Dainius Adomaitis: Jestem zadowolony tylko z drugiej połowy

Energa Czarni Słupsk nadal niepokonani w lidze. Podopieczni trenera Dainiusa Adomaitisia wyszarpnęli w miniony weekend zwycięstwo w Starogardzie Gdańskim i tym samym wygrali po raz czwarty w tym sezonie. Litewski szkoleniowiec zadowolony był z postawy swoich koszykarzy zwłaszcza w drugiej połowie, w której gospodarze zdobyli ledwie 26 oczek.

Michał Fałkowski
Michał Fałkowski

Zespół Energi Czarnych Słupsk przyjeżdżał do Starogardu Gdańskiego w glorii najlepiej grającej ekipy Tauron Basket Ligi w trzech wcześniejszych kolejkach. Podopieczni Dainiusa Adomaitisa nie tylko wygrali trzy spotkania, ale przede wszystkim zrobili to w kapitalnym stylu. Respekt budzić musiało zwłaszcza zwycięstwo w derbowym pojedynku z AZS Koszalin, w którym słupszczanie zmiażdżyli swojego rywala 103:75.

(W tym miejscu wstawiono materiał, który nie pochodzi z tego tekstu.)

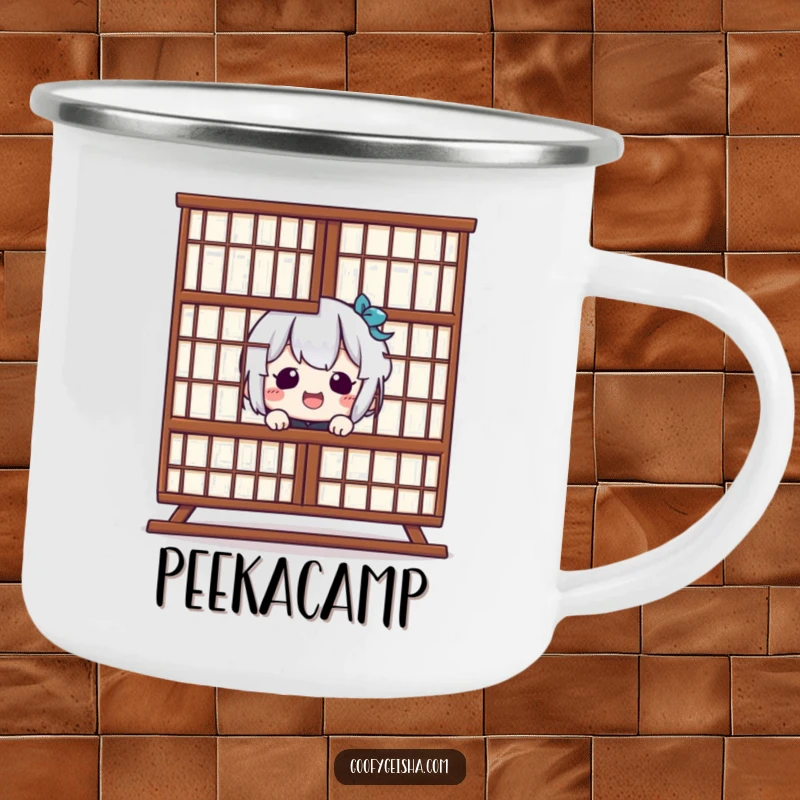 Funny Kawaii Camping Mug: Character peeking from behind Shoji screen with a giggle, ideal for outdoor fun. Ideal funny gift.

Nic więc dziwnego, że w starciu z dołującą Polpharmą Starogard Gdański (trzy porażki na rozpoczęcie sezonu) to koszykarze litewskiego szkoleniowca byli zdecydowanymi faworytami. Jakież było więc zdziwienie fanów lidera ekstraklasy, gdy po dwudziestu minutach ich ulubieńcy przegrywali z gospodarzami 35:46. I nie chodzi nawet o 11 oczek przewagi miejscowych, ale o fakt, że dobrze grająca dotychczas w defensywie ekipa ze Słupska dała sobie rzucić prawie 50 oczek już do przerwy.

- Jestem bardzo, ale to bardzo niezadowolony z pierwszej połowy. To był jakiś koszmar. Moi zawodnicy tylko stali i przyglądali się jak Polpharma niemalże każdą akcję kończy punktami. Tak nie można grać w koszykówkę - wściekał się trener Adomaitis, dodając jednocześnie: - Mam wrażenie, że niektórzy myśleli, że wyjdą na parkiet a mecz wygra się sam. Myśleli, że to będzie bardzo łatwe starcie....

Litwin musiał jednak powiedzieć swoim graczom kilka cierpkich słów w przerwie spotkania, gdyż ci po zmianie stron zaczęli grać o niebo lepiej. Już w trzeciej kwarcie odrobili większość strat, w pewnym momencie doganiając rywala tylko na dwa oczka (50:48), kiedy to seryjnymi trafieniami popisywali się Jerel Blassingame i Cameron Bennerman. - Druga połowa rozpoczęła się dla nas o wiele lepiej. Zaczęliśmy grać z większym zaangażowaniem i przede wszystkim, co najważniejsze, zaczęła funkcjonować obrona - dodawał Adomaitis.

Po trzech kwartach było zatem jeszcze 56:52 dla gospodarzy, ale ostatnia odsłona należała już do gości w stu procentach. Szalał zwłaszcza wspomniany Bennerman, który w tej części spotkania zdobył aż 12 ze swoich 21 oczek i jednocześnie 12 z 24 drużyny. To właśnie dzięki jego indywidualnym akcjom oraz żelaznej i zespołowej defensywie Czarni szybko zniwelowali nieznaczną przewagę miejscowych. Następnie zadali cios w samej końcówce pojedynku i wygrali 76:72.

- Taki mój zespół, jaki był w drugiej połowie, chcę oglądać już do końca sezonu - zdecydowany, zaangażowany, grający z pomysłem w ataku i twardo w obronie. Nawet bardzo twardo w obronie - powiedział Adomaitis, wnioskując po chwili: - W meczach takich jak ten w Starogardzie Gdańskim, czyli w wyjazdowych spotkaniach, gdzie rywalizacja toczy się na styku do samego końca, o zwycięstwie decyduje tylko jedna rzecz - obrona. O ile słupszczanie na początku spotkania prezentowali się fatalnie, to w trzeciej i czwartej kwarcie ich defensywa była już koncertowa. Gospodarze zdobyli w tym czasie ledwie 26 oczek, czyli tylko o dwa więcej niż Czarni w ostatnich dziesięciu minutach.

- Oczywiście jestem zadowolony ze zwycięstwa, z tego, że kontynuujemy dobrą passę i nadal prowadzimy w lidze bez żadnej porażki na koncie. Nie może być jednak tak, że koncentracja drużyny jest krótsza niż 40 minut. Mecz trwa dokładnie tyle i tak długo moi zawodnicy muszą być skoncentrowani na realizowaniu taktyki - spuentował czwartą wygraną swojego zespołu trener Adomaitis.